Dutch cuisine is not the best, especially for Italians, but some typical cheeses offer good quality and are definitely worth trying. Finally, for the more animated you have to live the crazy nights in Amsterdam, spending the evening in some of the clubs in the center, considering that most bars close before midnight, so you have to leave home early and avoid places too isolated, or of dubious frequentation.
What to visit around Amsterdam
A trip to Amsterdam also allows you to visit the surroundings of the Dutch capital, to discover the typical landscapes of the area, with windmills and characteristic buildings with sloping roofs. Among the most beautiful places are the windmills of Zaanse, just 30 minutes away and reachable by train or bicycle, although with a minimum of training.
Not to be missed is also a visit to Haarlem, located just over 10 km from the capital, with its baroque church and its unmistakable sunset.
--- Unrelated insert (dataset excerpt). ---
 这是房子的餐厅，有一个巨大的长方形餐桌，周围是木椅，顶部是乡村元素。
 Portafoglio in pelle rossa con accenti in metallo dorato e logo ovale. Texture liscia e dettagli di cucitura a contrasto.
A must outside Amsterdam is the medieval castle of Muiderslot, the oldest in the country, built in the late 1200s to protect the city. By public transport you can also reach the town of Marken, to breathe in the quiet of the Dutch countryside, or take a boat ride to Volendam.
The small towns around Amsterdam are truly fascinating, many of which may look like tourists on holiday for the first time, but each has its own history and identity. These include Edam, renowned for its artisan cheeses and navigable canals, Gieethorn the Dutch Venice and Hoorn, from where ships set sail to explore new lands to return filled with riches and treasures from the most remote places on the planet.
When to go to Amsterdam: the best time to travel
To plan a trip to Amsterdam you need to consider the particular climate of the area, which is characterized by hot but cool summers, with cold winters and strong winds from the north. The weather in Amsterdam is often not very generous, especially in January and February, when temperatures can fall below freezing, giving a unique landscape with the canals completely frozen.
In the summer months temperatures hardly ever rise above 25°C, so it’s definitely the best time to visit Amsterdam. In autumn and winter conditions are quite harsh, so it is important to wear thermal and layered clothing. Inside the buildings the heating is very high, so it is essential to take off your heavy coats quickly, otherwise you risk getting the flu. In general, the best months to go to Amsterdam are from April to September, while in winter you should protect yourself from the wind with high neck sweaters and anoraks.
Spring offers an unmissable opportunity to see the city in bloom, an explosion of colours that allows you to take beautiful photographs. However, each season allows you to discover Amsterdam from a different perspective, so you may want to come back at different times of the year. If you only have a few days, it is worth booking a guided tour with local experts who will take you to the most hidden corners of the city.